Robert Jandrek

Personal information
- Date of birth: 30 August 1995 (age 30)
- Place of birth: Sinj, Croatia
- Height: 1.83 m (6 ft 0 in)
- Position(s): Right winger

Team information
- Current team: Posušje
- Number: 47

Youth career
- 2002–2006: Junak Sinj
- 2006–2007: Omladinac Vranjic
- 2007–2009: Hajduk Split
- 2009–2010: Glavice
- 2010–2013: Junak Sinj
- 2013–2014: Lokomotiva Zagreb

Senior career*
- Years: Team / Apps / (Gls)
- 2014–2015: Junak Sinj / 43 / (5)
- 2016–2018: Hajduk Split / 9 / (0)
- 2016–2017: → Hajduk II / 44 / (18)
- 2018: → Dugopolje (loan) / 8 / (1)
- 2018–2019: Junak Sinj
- 2019: Krško / 16 / (0)
- 2019–2020: Junak Sinj
- 2020: Ilzer SV / 0 / (0)
- 2020–2022: Junak Sinj / 32 / (8)
- 2022–2023: NK Hrvace
- 2023–: Posušje / 3 / (0)

= Robert Jandrek =

Croatian footballer

Robert Jandrek (/hr/; born 30 August 1995) is a Croatian footballer who plays as a right winger for Posušje.

==Club career==
Born in Sinj, Croatia, Jandrek started his hometown club NK Junak Sinj at the age of 7, before moving on to NK Omladinac Vranjic, before spending two seasons at the regional powerhouse HNK Hajduk Split's academy. Though a right winger, he played at his own initiative at right-back in a generation with the likes of Mario Pašalić, Tonći Mujan and others. Not breaking through, Jandrek returned to the Sinj region, first to NK Glavice, and then back to Junak. Jandrek spent his last U19 season at NK Lokomotiva in Zagreb, where he was moved from the wing to the center of the pitch, but returned to NK Junak Sinj and his old playing position in the summer of 2014.

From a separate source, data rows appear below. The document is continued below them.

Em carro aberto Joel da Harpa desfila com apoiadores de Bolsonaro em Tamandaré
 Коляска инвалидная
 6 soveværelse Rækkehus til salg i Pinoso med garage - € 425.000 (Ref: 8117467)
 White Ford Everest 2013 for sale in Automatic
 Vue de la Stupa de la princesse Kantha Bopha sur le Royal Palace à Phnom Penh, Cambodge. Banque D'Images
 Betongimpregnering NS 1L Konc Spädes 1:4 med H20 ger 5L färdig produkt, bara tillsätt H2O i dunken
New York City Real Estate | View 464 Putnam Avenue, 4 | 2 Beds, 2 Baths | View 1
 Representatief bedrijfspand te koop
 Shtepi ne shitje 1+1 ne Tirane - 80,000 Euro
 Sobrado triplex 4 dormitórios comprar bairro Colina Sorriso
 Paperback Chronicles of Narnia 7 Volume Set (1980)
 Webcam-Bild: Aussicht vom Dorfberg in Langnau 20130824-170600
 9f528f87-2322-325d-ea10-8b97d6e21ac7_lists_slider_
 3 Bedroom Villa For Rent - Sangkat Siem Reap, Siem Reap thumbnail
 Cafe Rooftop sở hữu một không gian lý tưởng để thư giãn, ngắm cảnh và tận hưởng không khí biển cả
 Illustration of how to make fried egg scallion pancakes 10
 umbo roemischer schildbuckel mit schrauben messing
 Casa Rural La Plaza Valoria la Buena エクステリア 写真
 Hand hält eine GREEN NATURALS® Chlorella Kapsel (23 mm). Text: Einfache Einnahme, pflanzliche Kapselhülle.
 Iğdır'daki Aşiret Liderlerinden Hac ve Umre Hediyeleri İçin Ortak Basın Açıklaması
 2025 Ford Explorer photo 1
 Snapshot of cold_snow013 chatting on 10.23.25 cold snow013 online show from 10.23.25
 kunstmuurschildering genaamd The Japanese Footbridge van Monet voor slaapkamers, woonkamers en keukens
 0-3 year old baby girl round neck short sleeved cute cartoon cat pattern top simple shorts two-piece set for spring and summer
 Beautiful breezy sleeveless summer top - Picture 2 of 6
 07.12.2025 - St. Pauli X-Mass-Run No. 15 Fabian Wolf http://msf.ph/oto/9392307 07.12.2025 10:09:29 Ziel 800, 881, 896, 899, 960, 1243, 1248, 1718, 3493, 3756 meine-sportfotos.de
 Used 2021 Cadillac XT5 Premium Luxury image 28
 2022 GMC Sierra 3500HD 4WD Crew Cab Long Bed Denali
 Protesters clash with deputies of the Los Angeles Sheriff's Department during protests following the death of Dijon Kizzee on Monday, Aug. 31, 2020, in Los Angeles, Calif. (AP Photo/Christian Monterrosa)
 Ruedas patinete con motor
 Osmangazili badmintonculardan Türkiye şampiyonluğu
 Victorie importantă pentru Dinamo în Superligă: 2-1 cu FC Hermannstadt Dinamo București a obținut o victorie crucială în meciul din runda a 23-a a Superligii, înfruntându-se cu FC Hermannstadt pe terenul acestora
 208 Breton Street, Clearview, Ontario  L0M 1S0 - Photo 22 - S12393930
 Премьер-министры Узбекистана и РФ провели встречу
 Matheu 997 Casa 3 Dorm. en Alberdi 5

Jandrek made a strong impact at the third-tier club, quickly securing a first-team place, accumulating 26 caps and 1 goal in his first senior season. He picked up the pace the following fall, drawing interest from HNK Hajduk Split again. Hajduk moved fast and, in November 2015, settled his transfer. Jandrek joined the club at the beginning of 2016, becoming a firm fixture in the reserve team (third-tier at the time). Jandrek picked up his form, scoring 6 goals in 15 matches from the wing, playing well enough that Joan Carrillo not calling him up for the first-team preparations created controversy among the followers of the club. Jandrek, however, was not forgotten by the first team manager, and made his Prva HNL debut on March 31, 2017, in the 1–3 away win against Inter Zaprešić, coming on in the 89th minute for Said Ahmed Said. Hajduk's reserve squad achieved promotion to Druga HNL at the end of the season, Jandrek having contributed with 12 goals in 26 matches in total.

In August 2019, Jandrek returned to NK Junak Sinj. Jandrek moved to Austrian club Ilzer SV in February 2020. However, due to the COVID-19 pandemic, no official games was played during his time at the club, so he left the club again in the summer 2020, after playing a few friendly games. He then returned to Junak Sinj once again.